The one guy in another thread, while I was looking for a later release than what's up there (didn't think W1zz would've waited so long since releasing another), and sadisticflirt linked to a .27b4 EXE. Well I DLed it and look, here's the result. So, what I've learned: Don't bother with anything someone else links, unless it's by W1zz


----------



## atomsk (Oct 26, 2008)

What are you trying to show here? The file size may be the same but that's not to say there's no difference between the executables.

All this post shows is that you're quick to jump to conclusions and haven't the slightest of what you're talking about.









http://www.techpowerup.com/*wizzard*/ATITool_0.27*b4*.exe


----------



## Formula350 (Oct 26, 2008)

atomsk said:


> What are you trying to show here? The file size may be the same but that's not to say there's no difference between the executables.
> 
> All this post shows is that you're quick to jump to conclusions and haven't the slightest of what you're talking about.



Seeing as Sadisticflirt is banned, I can only imagine you're that same dumb ass. 

I don't code, I don't pretend to know anything about it, but if you run "Diff Tool" it shows that B3 and B4 to be the same on the binary level.

And PMing me to call me a moron, how mature  Go troll somewhere else.


----------



## atomsk (Oct 26, 2008)

Your original point is moot. You are also dumb for making accusations. Both downloads were made available by W1zzard as the hyperlink I posted clearly shows. Whether they are the same or not, they both came from W1zz unlike what you were trying to attest. You're just upset that you were proven wrong. Go cry in a corner.


----------



## Formula350 (Oct 26, 2008)

atomsk said:


> Your original point is moot. You are also dumb for making accusations. Both downloads were made available by W1zzard as the hyperlink I posted clearly shows. Whether they are the same or not, they both came from W1zz unlike what you were trying to attest. You're just upset that you were proven wrong. Go cry in a corner.

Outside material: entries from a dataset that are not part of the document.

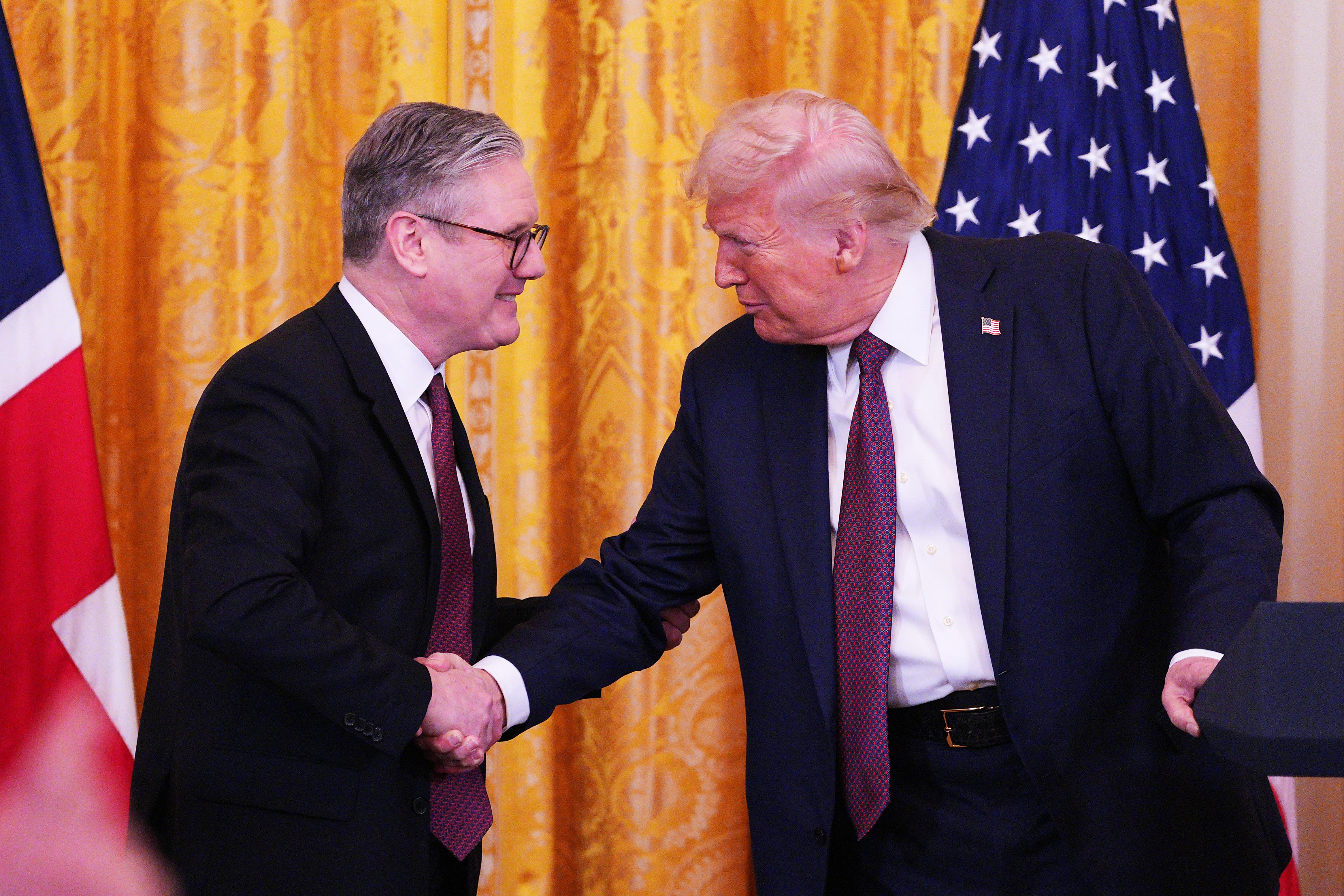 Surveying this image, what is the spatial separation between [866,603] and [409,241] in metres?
1.01

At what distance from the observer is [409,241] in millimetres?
2209

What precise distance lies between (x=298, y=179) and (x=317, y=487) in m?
1.73

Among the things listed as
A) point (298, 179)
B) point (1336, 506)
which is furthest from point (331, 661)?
point (1336, 506)

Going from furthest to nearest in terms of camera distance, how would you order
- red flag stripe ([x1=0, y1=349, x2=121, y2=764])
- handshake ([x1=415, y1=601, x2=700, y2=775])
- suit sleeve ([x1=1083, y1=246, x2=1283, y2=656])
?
red flag stripe ([x1=0, y1=349, x2=121, y2=764]), handshake ([x1=415, y1=601, x2=700, y2=775]), suit sleeve ([x1=1083, y1=246, x2=1283, y2=656])

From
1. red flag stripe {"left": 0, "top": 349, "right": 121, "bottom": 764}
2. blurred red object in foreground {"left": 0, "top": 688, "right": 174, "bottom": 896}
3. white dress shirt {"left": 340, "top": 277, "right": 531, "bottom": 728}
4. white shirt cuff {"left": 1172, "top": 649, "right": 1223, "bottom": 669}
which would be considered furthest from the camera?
red flag stripe {"left": 0, "top": 349, "right": 121, "bottom": 764}

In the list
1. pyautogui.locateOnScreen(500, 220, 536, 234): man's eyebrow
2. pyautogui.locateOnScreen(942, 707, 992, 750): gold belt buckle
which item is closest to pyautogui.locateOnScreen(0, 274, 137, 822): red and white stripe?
pyautogui.locateOnScreen(500, 220, 536, 234): man's eyebrow

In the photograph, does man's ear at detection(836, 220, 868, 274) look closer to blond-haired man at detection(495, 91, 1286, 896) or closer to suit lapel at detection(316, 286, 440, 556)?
blond-haired man at detection(495, 91, 1286, 896)

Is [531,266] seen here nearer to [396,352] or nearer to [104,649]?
[396,352]

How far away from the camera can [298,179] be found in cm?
339

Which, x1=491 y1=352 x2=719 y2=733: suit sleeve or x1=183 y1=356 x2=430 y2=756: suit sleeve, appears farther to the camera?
x1=491 y1=352 x2=719 y2=733: suit sleeve

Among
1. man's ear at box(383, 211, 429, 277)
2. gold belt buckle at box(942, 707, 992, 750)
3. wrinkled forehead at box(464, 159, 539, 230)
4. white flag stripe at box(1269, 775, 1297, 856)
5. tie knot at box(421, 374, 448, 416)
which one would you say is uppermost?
wrinkled forehead at box(464, 159, 539, 230)

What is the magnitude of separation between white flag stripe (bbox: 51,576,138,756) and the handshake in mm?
1216

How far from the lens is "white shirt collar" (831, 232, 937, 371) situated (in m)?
2.20

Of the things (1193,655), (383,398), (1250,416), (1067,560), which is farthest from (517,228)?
(1250,416) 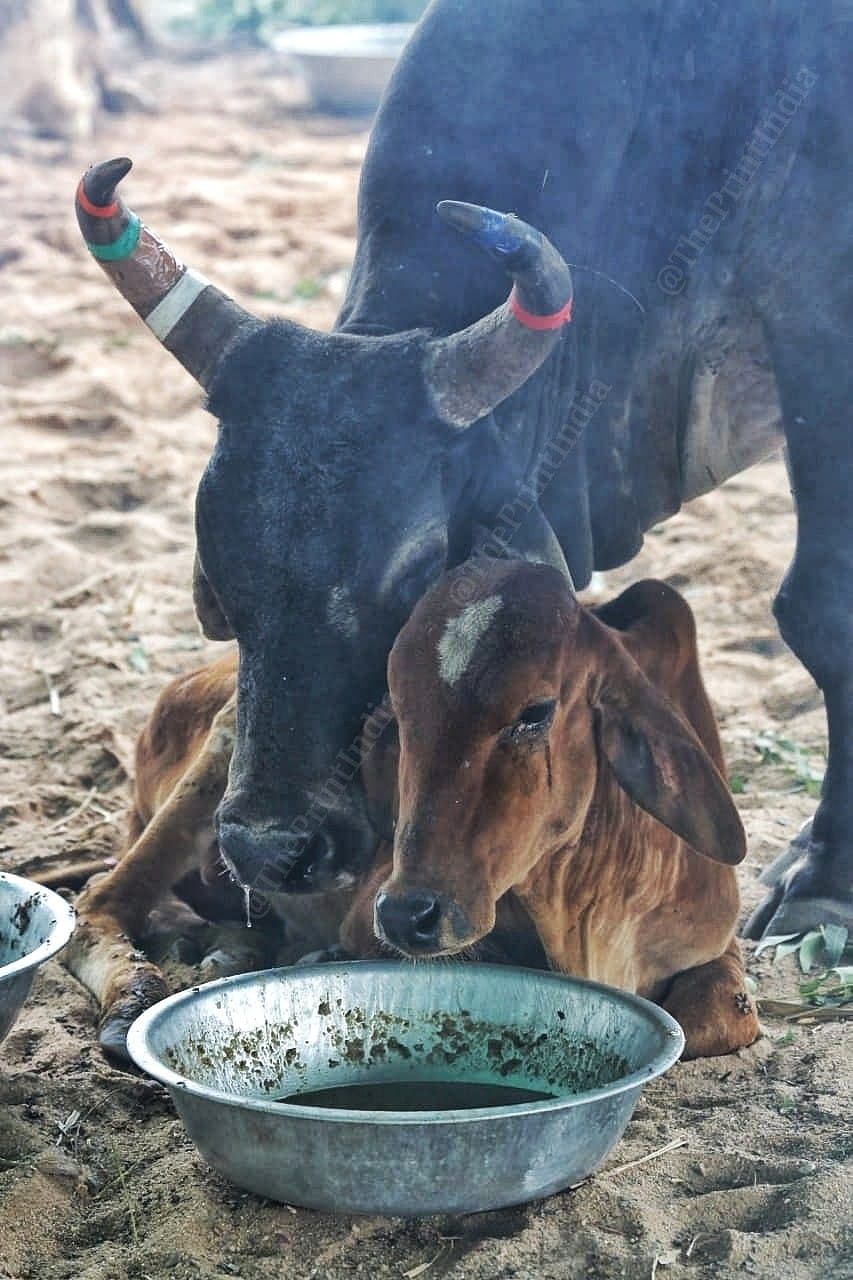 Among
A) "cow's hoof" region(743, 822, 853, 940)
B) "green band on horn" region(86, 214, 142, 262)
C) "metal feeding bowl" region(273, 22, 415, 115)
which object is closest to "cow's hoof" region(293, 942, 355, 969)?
"cow's hoof" region(743, 822, 853, 940)

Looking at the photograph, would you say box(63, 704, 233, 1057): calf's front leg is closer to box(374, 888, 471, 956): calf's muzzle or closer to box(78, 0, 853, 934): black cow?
box(78, 0, 853, 934): black cow

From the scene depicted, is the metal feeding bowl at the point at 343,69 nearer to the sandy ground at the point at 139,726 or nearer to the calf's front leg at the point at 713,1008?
the sandy ground at the point at 139,726

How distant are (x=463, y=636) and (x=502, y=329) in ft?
2.21

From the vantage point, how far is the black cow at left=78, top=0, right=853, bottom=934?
345 cm

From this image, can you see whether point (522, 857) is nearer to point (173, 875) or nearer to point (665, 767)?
point (665, 767)

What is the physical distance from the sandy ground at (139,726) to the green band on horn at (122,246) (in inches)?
61.6

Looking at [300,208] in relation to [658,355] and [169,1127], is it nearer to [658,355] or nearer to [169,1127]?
[658,355]

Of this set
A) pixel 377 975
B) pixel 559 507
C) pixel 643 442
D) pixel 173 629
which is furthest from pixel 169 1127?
pixel 173 629

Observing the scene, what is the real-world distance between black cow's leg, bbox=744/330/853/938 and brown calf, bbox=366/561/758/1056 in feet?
1.86

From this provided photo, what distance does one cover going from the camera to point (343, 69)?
1548 cm

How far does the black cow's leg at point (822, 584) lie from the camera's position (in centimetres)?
410

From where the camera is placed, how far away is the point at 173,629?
243 inches

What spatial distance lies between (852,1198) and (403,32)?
15.1 m

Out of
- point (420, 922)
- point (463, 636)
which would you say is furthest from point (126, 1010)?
point (463, 636) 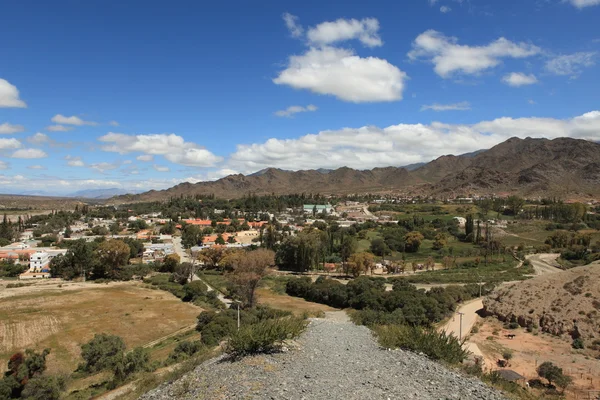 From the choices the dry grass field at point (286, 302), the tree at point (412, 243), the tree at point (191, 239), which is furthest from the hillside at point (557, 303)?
the tree at point (191, 239)

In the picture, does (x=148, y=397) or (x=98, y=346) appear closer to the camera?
(x=148, y=397)

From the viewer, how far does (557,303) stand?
28.7m

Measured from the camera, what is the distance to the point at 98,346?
76.0ft

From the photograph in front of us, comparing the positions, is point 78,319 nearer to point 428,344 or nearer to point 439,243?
point 428,344

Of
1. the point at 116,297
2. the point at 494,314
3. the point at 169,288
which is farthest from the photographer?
the point at 169,288

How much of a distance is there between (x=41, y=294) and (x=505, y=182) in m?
198

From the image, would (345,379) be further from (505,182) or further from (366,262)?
(505,182)

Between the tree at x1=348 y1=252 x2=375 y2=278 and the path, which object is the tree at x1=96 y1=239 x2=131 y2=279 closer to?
the tree at x1=348 y1=252 x2=375 y2=278

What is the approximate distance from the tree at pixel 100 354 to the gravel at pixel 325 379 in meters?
12.4

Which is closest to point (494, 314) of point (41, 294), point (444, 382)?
point (444, 382)

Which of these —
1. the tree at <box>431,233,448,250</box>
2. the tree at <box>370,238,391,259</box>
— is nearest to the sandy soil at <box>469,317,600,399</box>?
the tree at <box>370,238,391,259</box>

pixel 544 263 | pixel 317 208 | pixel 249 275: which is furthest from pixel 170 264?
pixel 317 208

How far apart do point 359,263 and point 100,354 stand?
121 feet

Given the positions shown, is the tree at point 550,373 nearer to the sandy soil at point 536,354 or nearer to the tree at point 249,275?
the sandy soil at point 536,354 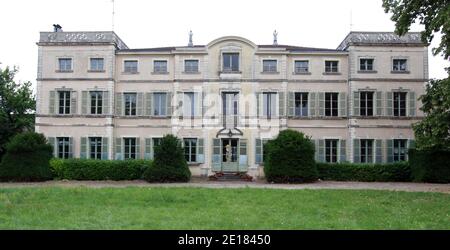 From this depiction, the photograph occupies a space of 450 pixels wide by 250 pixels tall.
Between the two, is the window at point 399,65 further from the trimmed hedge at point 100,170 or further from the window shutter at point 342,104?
the trimmed hedge at point 100,170

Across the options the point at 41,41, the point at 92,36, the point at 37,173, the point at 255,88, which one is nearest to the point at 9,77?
the point at 41,41

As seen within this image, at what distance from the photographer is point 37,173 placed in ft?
78.7

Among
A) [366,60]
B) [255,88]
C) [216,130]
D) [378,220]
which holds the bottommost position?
[378,220]

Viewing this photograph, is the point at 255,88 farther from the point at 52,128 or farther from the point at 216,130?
the point at 52,128

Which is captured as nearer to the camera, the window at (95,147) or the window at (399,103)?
the window at (399,103)

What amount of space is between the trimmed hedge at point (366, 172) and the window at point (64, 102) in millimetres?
16408

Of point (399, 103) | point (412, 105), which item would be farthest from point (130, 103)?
point (412, 105)

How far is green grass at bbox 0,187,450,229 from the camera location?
9344 mm

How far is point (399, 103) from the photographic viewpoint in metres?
27.7

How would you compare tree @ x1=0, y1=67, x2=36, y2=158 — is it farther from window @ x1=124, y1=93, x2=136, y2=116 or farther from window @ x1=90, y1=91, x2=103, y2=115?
window @ x1=124, y1=93, x2=136, y2=116

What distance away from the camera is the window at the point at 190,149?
1109 inches

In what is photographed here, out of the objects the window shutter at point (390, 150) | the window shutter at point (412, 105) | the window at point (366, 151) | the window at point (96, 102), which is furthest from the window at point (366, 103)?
the window at point (96, 102)
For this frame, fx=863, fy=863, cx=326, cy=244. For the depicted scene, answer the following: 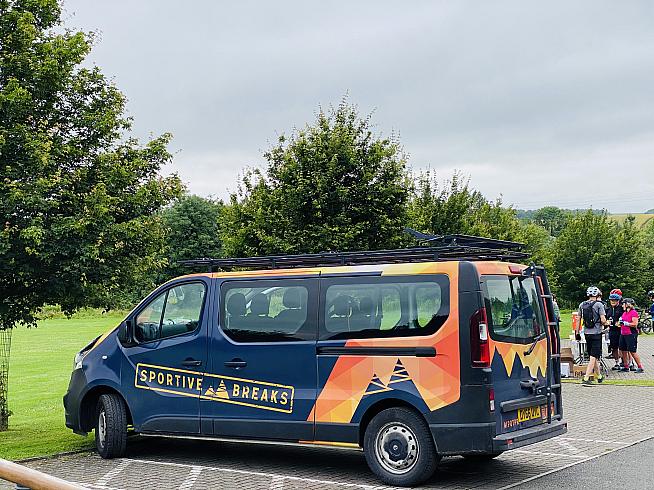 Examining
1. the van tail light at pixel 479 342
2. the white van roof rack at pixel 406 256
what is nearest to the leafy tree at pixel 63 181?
the white van roof rack at pixel 406 256

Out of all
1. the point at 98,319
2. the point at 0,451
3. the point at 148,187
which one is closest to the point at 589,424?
the point at 148,187

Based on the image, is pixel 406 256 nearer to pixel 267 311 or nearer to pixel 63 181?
pixel 267 311

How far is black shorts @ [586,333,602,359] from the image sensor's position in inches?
671

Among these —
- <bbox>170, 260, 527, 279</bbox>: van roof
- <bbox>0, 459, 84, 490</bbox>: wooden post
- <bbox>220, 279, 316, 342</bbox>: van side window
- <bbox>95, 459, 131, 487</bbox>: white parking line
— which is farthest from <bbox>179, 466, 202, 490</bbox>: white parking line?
<bbox>0, 459, 84, 490</bbox>: wooden post

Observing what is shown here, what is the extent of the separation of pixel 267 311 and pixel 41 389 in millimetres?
15080

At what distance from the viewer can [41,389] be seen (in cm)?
2283

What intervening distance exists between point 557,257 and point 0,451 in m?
33.8

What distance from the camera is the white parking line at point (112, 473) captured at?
29.5 ft

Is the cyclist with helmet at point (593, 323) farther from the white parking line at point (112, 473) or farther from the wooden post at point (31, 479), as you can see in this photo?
the wooden post at point (31, 479)

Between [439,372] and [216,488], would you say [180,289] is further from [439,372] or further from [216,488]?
[439,372]

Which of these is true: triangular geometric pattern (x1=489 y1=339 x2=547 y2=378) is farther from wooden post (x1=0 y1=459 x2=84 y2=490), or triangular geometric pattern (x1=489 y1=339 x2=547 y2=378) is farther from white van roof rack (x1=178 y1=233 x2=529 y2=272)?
wooden post (x1=0 y1=459 x2=84 y2=490)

lol Why would I go and cry? It's pretty clear now that you are that banned lama. Same incredibly weak insults that completely lack any sign of wit. I'll admit I didn't notice it was a 2007 update, but it's weird that it's the same file on a binary comparison level to B3 :|

And you're still not going to annoy me by sending PMs by calling me a dumbass  You'll have to grow up sooner or later, so why not do it sooner and make a few friends? Not that I'd personally befriend you


----------



## LAV (Nov 3, 2008)

And when all will appear the version 0.27b4?


----------



## Disruptor4 (Nov 7, 2008)

B4 made publicly available? Does anyone know what it fixes?


----------



## eidairaman1 (Nov 7, 2008)

I think wizzard has lost all hope on Tweaking Utilities


----------